Elections Dannystan rides again
As happened after the 2007 election, and as happened after the 2011 election, Elections Newfoundland and Labrador, for some inexplicable reason, took the full nine months given to it under statute to publish the "book" containing poll-by-poll results of the latest provincial election.
This length of time to publish such detailed results is entirely out of line with the practice in every other province; each of which, with the exception of PEI, has more polling stations, votes, parties, and candidates whose vote tallies need counting and verification.
This corner is not going to link to that "book".
Why not? Because for equally inexplicable reasons, Elections NL has published a PDF "book" that clocks in at an absolutely staggering 218.9 megabytes in size.
Try downloading that in Makkovik.
That bloated file size, incidentally, runs counter to the provincial government's own web-publishing standards, which state:
Compression and optimization techniques should be used to keep file sizes small. This includes all files which are delivered to the web browser, such as html/css/scripting files, images, audio and video files, and document/application files (pdf, word, etc.)
By way of comparison, here are the file sizes for the PDF version of the last six provincial election results. The first two of these (1996 and 1999) are simply black-and-white graphical scans of a printed copy, because apparently computers and internets and digital pre-press and so forth didn't exist in the mid- to late-1990s.
To their credit, Elections NL did, for the first time ever, publish the detailed results on-line in a machine-readable format. (Zipped Excel file link.)
To their debit, each electoral district is a separate page. Sheesh.
And, not for the first time, the "book" of detailed election results was not actually published for more than a month after the date which the "book" itself bears:
But wait! There's more! The PDF version was not posted to the internet for computers for more than two weeks after the date on which the incredibly bloated PDF was generated using InDesign:
The poll-by-poll data itself has existed in its final form for months — at least since early June, if not before. For reasons that remain mysterious and unique to Elections NL, it was not made public until now.
Again, this bears repeating and underlining: just because the statute gives you a nine-month limit in which to do something for the public's benefit, does not mean you have to take all nine months.

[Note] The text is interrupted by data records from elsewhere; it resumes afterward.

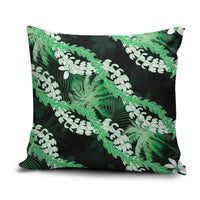 Puakenikeni Maile Lei Pillow Cover Frangipani Green Tropical Leaves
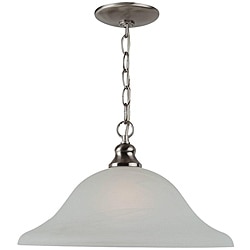 Windgate 1-Light Nickel Pendant with Alabaster Glass Shade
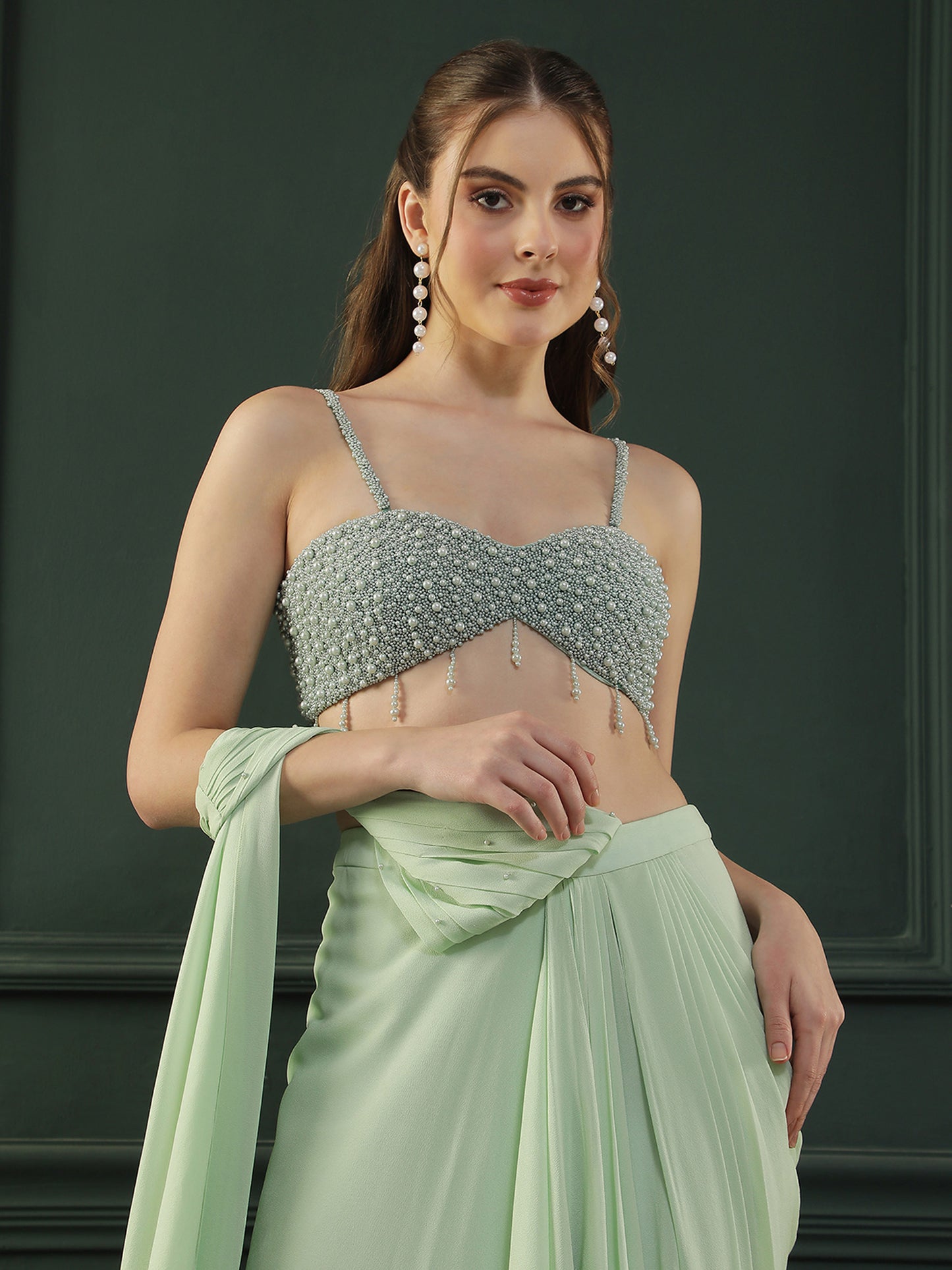 Mint Pearl Pre-drape Saree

The acting Chief Electoral Officer also alludes to the forthcoming report on candidates' expenditures. If past shoddy practice at Elections NL is anything to go on, the financial returns relative to the 2015 general election campaign, and political contributions for calendar year 2015, may be published by December. (Next door in Nova Scotia, the 2015 financial figures, which incorporates many more data points than the comparable NL reports, were published in June.)
If the provincial government is looking to engage in a little democratic reform, as promised at para 1.4.2 of their election platform last fall, tightening up the practices of the elections office, which are completely out of wack with comparable practices in every other Canadian jurisdiction, would be a most excellent place to start.